→ About this exercise:
A faithful copy of the entries, without any pictures, is what is needed here.

→ Extracted entries:
# # #

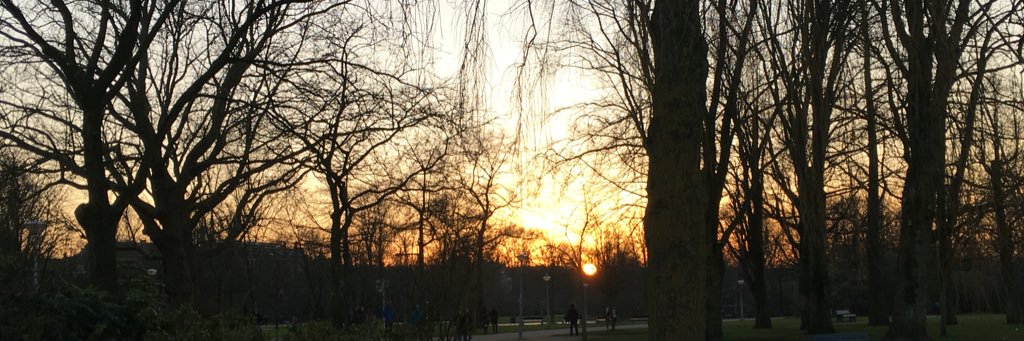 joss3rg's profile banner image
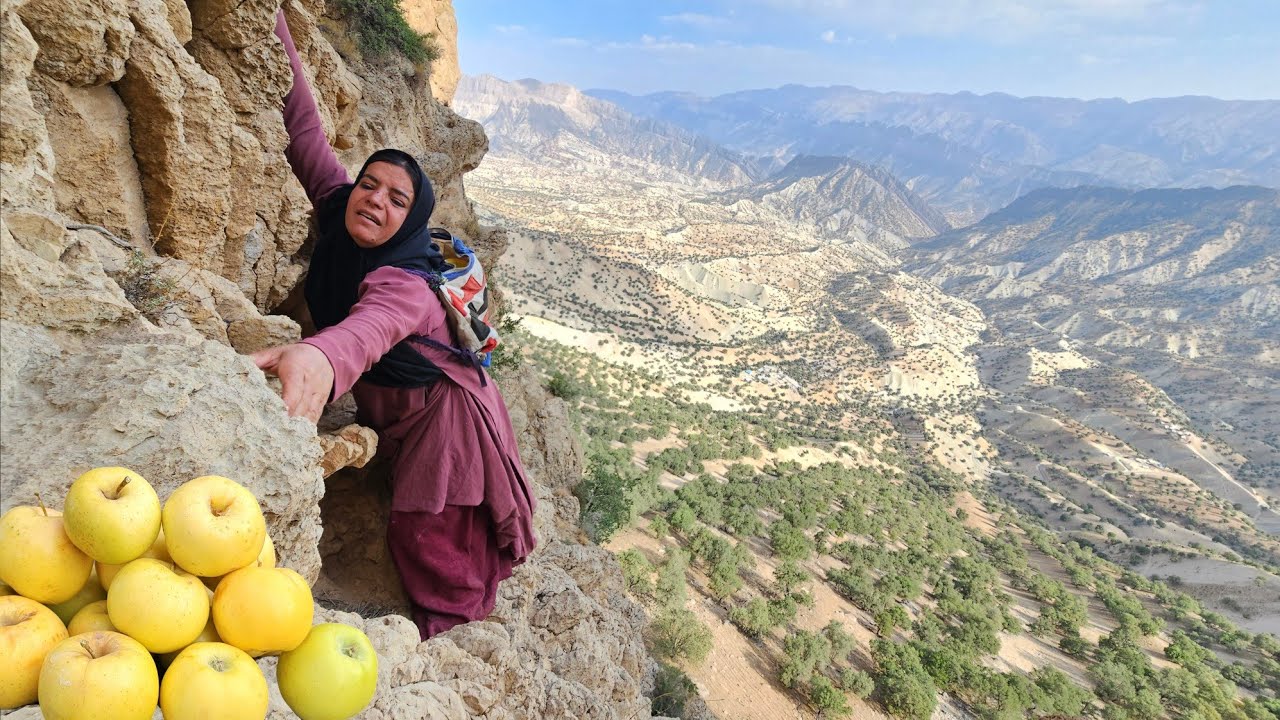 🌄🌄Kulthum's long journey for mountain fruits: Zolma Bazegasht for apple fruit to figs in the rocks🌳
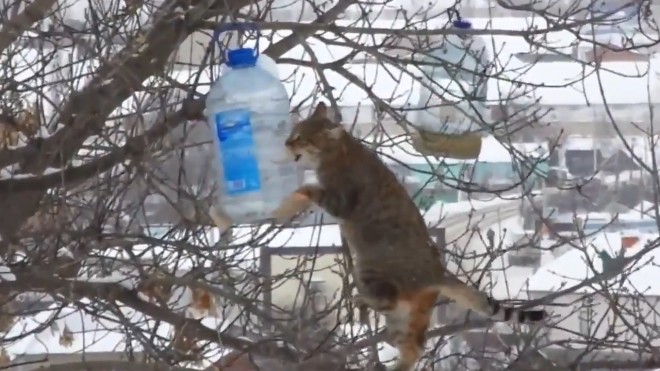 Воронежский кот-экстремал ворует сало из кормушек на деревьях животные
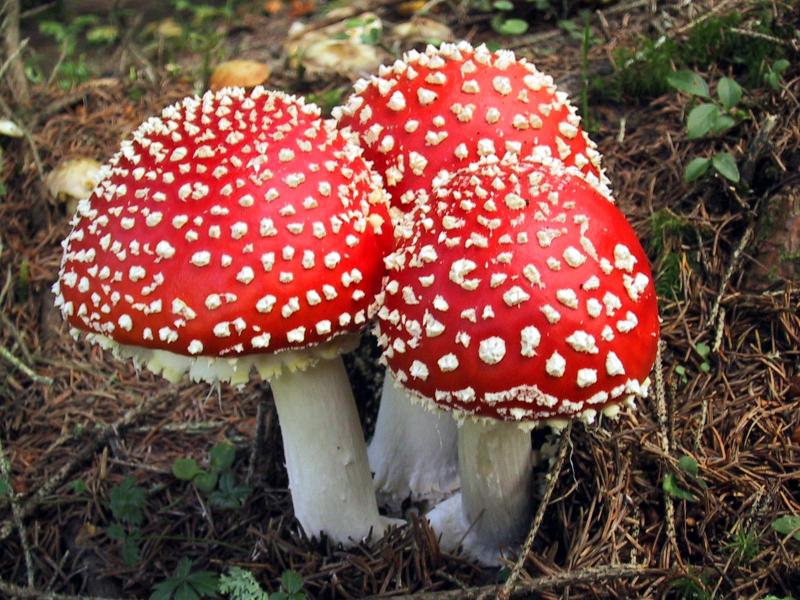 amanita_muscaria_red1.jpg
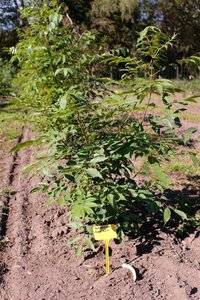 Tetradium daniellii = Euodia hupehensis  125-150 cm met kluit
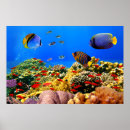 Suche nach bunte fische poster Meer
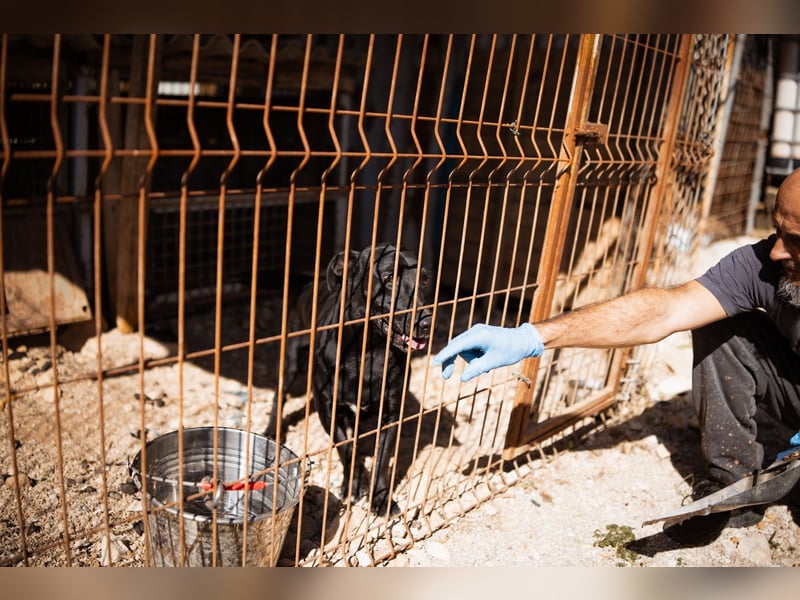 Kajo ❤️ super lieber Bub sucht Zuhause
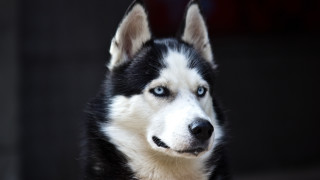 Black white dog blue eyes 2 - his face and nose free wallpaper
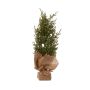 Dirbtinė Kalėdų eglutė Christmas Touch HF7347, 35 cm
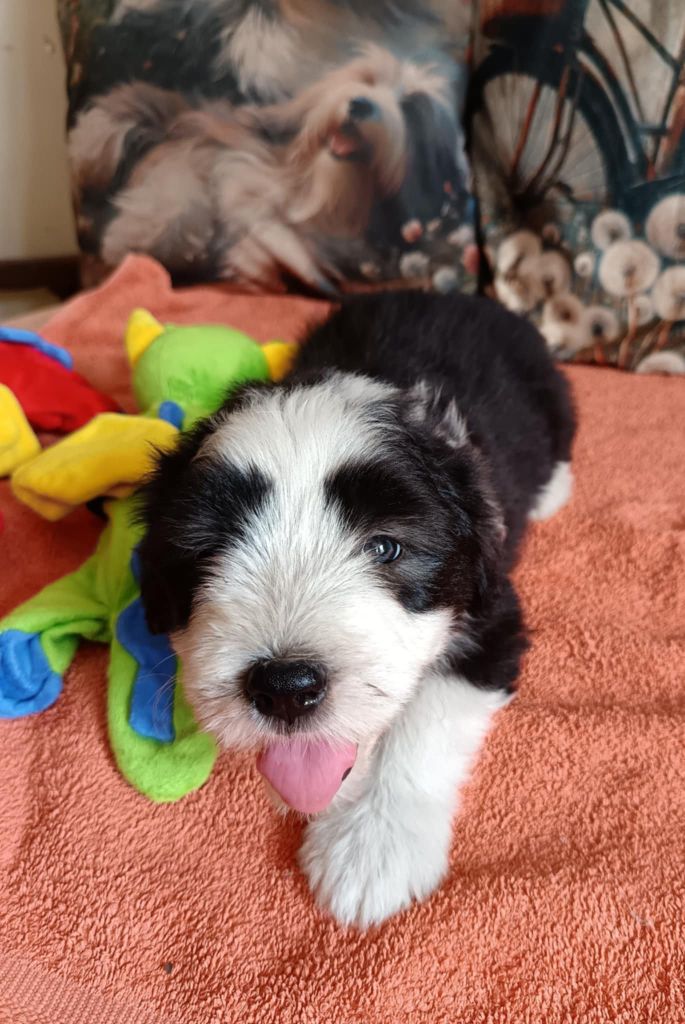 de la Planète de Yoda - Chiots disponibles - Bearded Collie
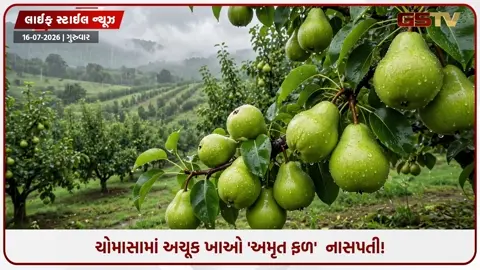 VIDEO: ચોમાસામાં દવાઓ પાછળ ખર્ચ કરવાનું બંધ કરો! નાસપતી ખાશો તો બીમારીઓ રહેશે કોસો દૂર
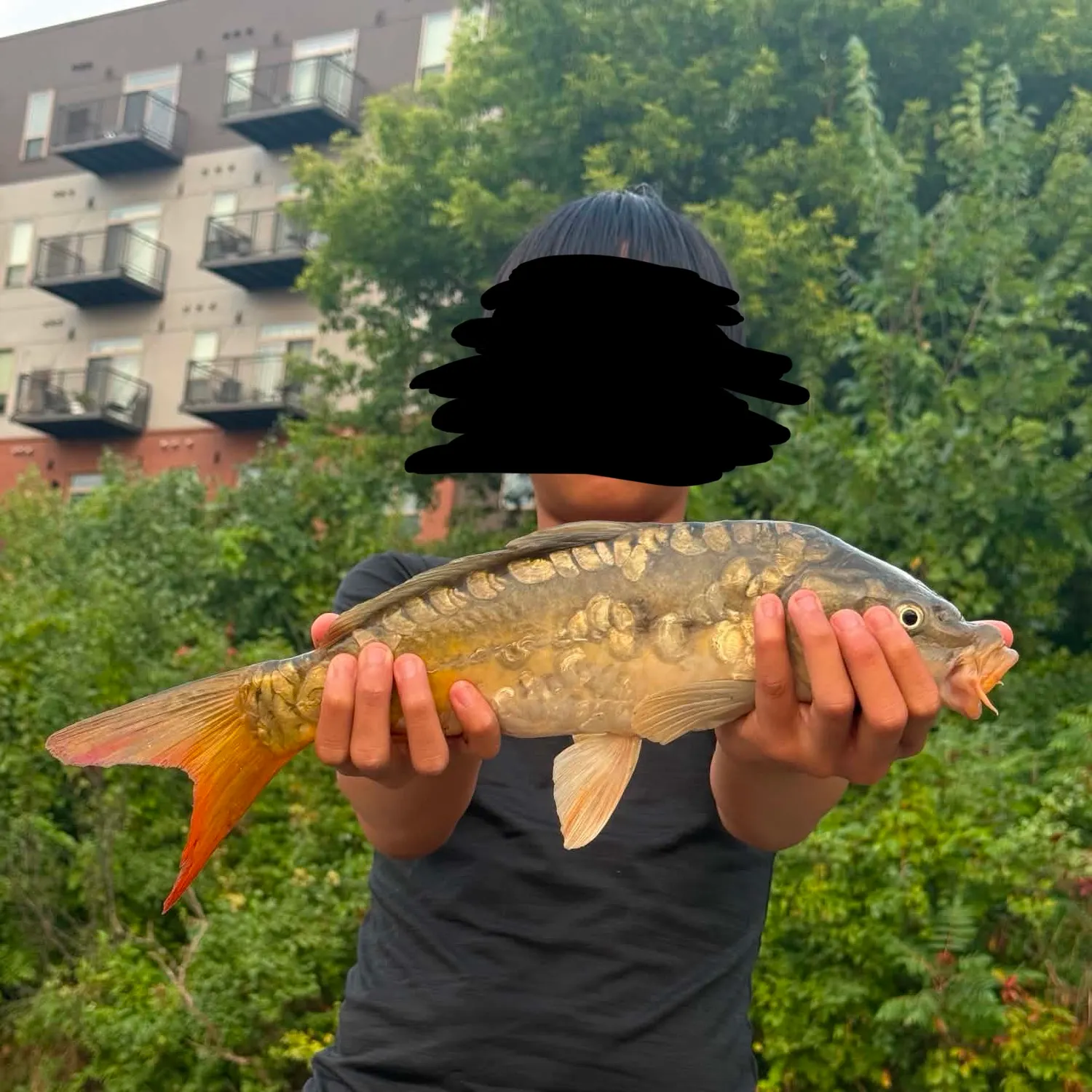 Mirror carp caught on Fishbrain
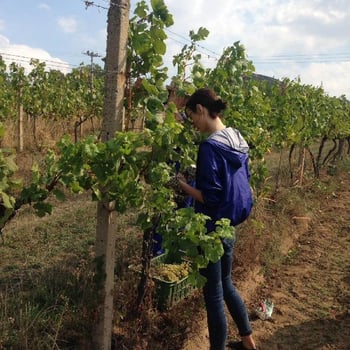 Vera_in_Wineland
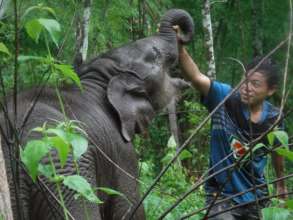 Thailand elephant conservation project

# # #

→ Written answer:
 joss3rg's profile banner image
 🌄🌄Kulthum's long journey for mountain fruits: Zolma Bazegasht for apple fruit to figs in the rocks🌳
 Воронежский кот-экстремал ворует сало из кормушек на деревьях животные
 amanita_muscaria_red1.jpg
 Tetradium daniellii = Euodia hupehensis  125-150 cm met kluit
 Suche nach bunte fische poster Meer
 Kajo ❤️ super lieber Bub sucht Zuhause
 Black white dog blue eyes 2 - his face and nose free wallpaper
 Dirbtinė Kalėdų eglutė Christmas Touch HF7347, 35 cm
 de la Planète de Yoda - Chiots disponibles - Bearded Collie
 VIDEO: ચોમાસામાં દવાઓ પાછળ ખર્ચ કરવાનું બંધ કરો! નાસપતી ખાશો તો બીમારીઓ રહેશે કોસો દૂર
 Mirror carp caught on Fishbrain
 Vera_in_Wineland
 Thailand elephant conservation project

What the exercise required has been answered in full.